At the University of Wisconsin, if the patient has already left the hospital and the radiologist sees an incidental finding that isn’t viewed as clinically significant and won’t change the current treatment, radiology contacts the patient directly. If it’s significant or it will change the patient’s current management, the radiologist calls the emergency room attending physician. “In that case, the ED becomes responsible for making sure the patient is [informed].”
In contrast, Thompson also works at a small community emergency department in Beloit. There, it’s the emergency physician’s job to follow-up with all patients who have incidental findings noted on the radiology report.
It can get more complicated if a teleradiology group is used for nighttime readings, said the American Academy of Emergency Medicine’s Reiter. Sometimes the preliminary teleradiology reading disagrees with the in-house radiologist’s final reading, which he sees happening more than local radiology opinions disagreeing with each other. “In my opinion, incidental findings should be addressed by the radiology group in those situations,” he said.
The Problem with Contacting the Patient Later
Of course, it’s best to inform the patient about an incidental finding while they are still in the hospital, said Reiter. “If you rely on contacting the patient after they leave the ED, a lot of things could go wrong,” he said. “Easily 5% of all phone numbers supplied by patients are incorrect.
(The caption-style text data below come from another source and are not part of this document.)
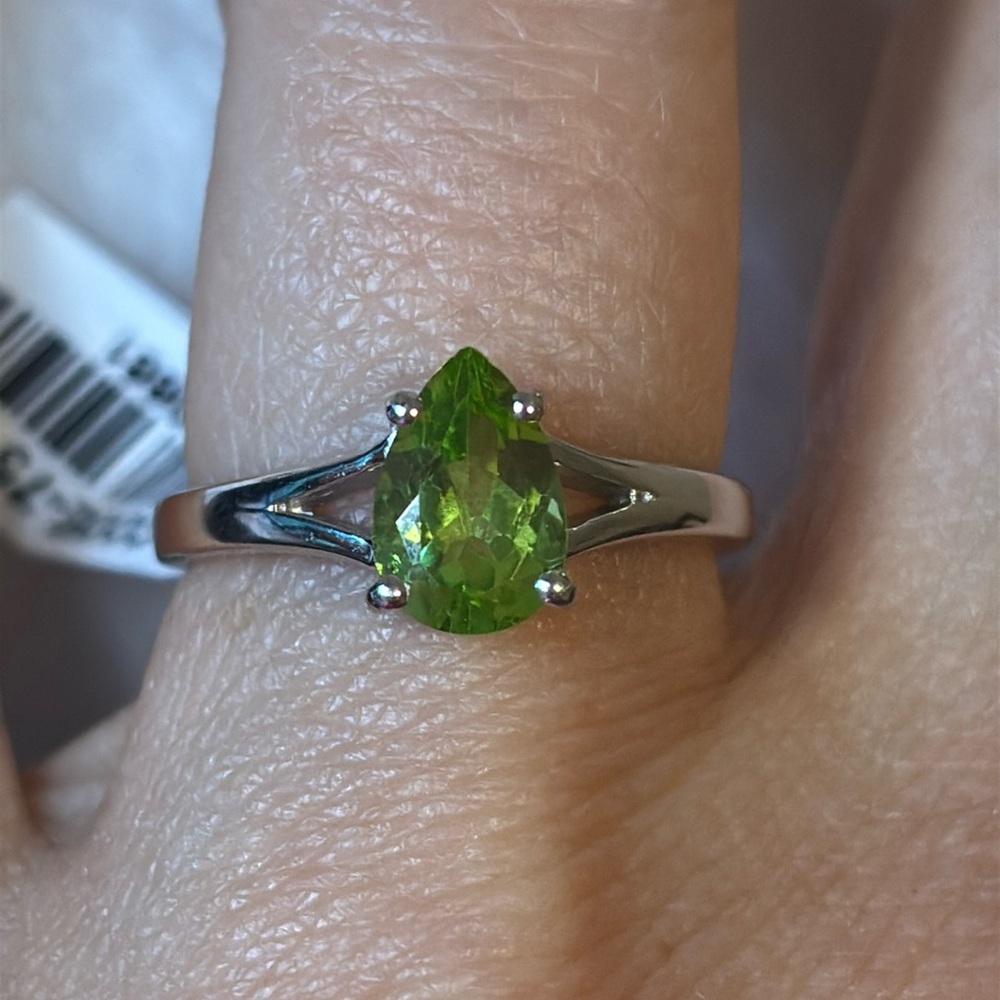 NWT Genuine Peridot 925 Sterling Silver Ring - Picture 3 of 8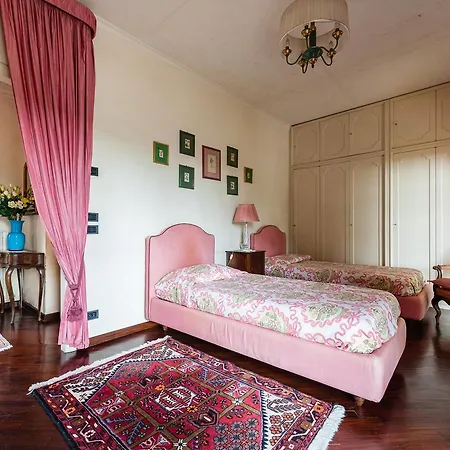 Bianca Villa Lucca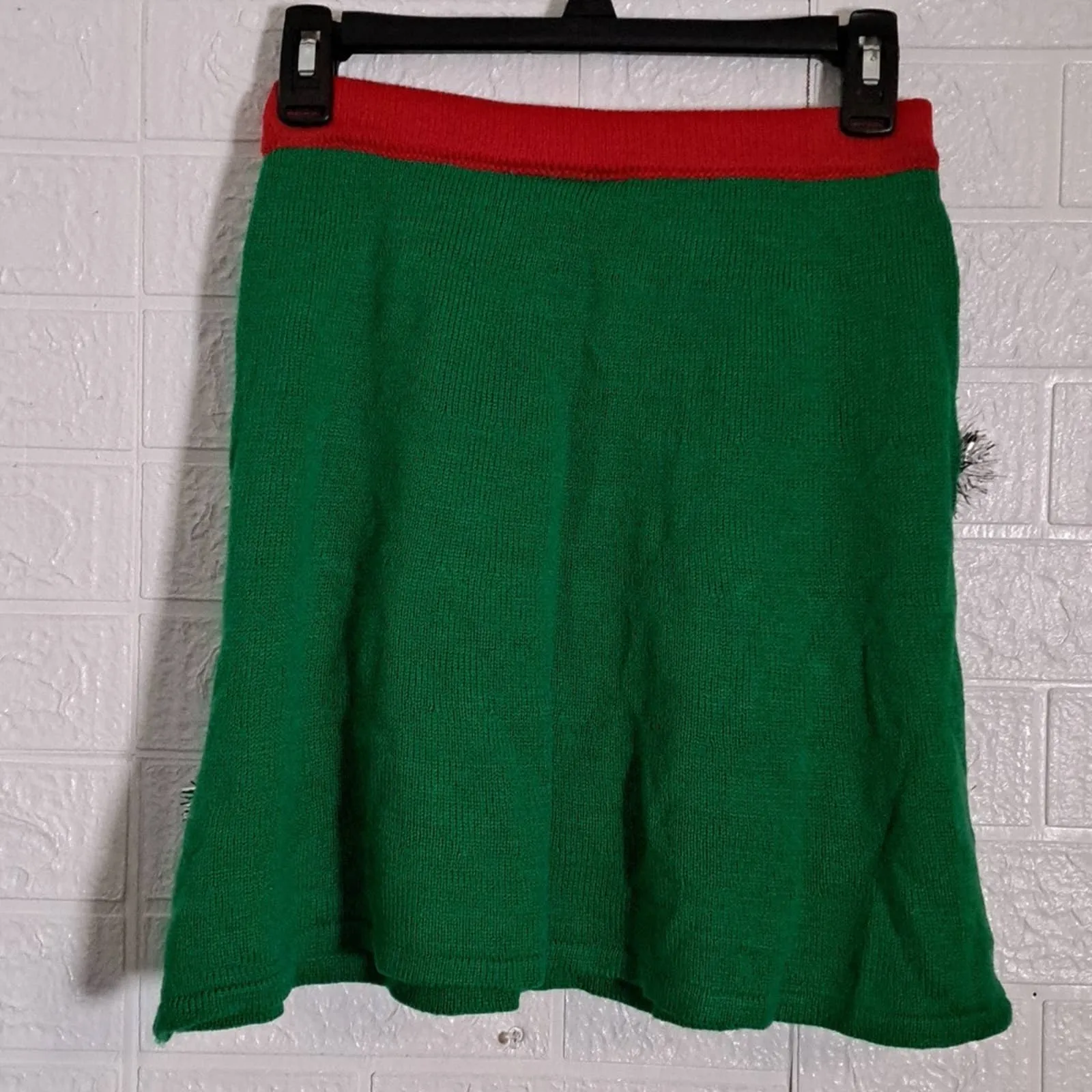 New Planet Gold Juniors' Holiday Tree Knit Mini Skirt Small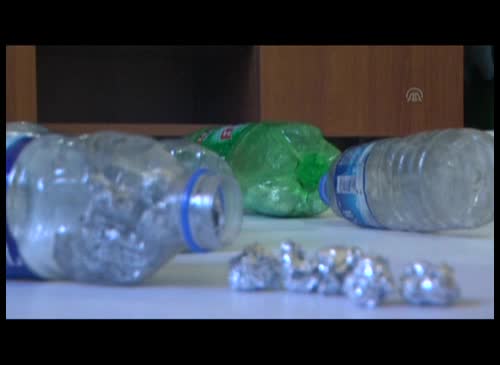 Ses bombas�na su��st�...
That’s not a tiny number.” Even with the correct phone number, it can be difficult to reach the patient. Mailing letters has similar limitations. These patients tend to get lost to follow-up. “We’re not confident that we can close the loop.”
Patients with incorrect or missing phone numbers and addresses can be lost to follow-up “There’s a risk that some of those patients won’t ever find out about their incidental findings,” said Thompson.
How many times should a medical practitioner reach out to patients to inform them of incidental findings? “I don’t think there’s a true standard,” said Reiter. “A lot of places call the patient once or twice, and if they’re unable to reach them, they’ll send a certified letter to the patient address. Even with that, it’s not uncommon for someone to fall through the cracks.”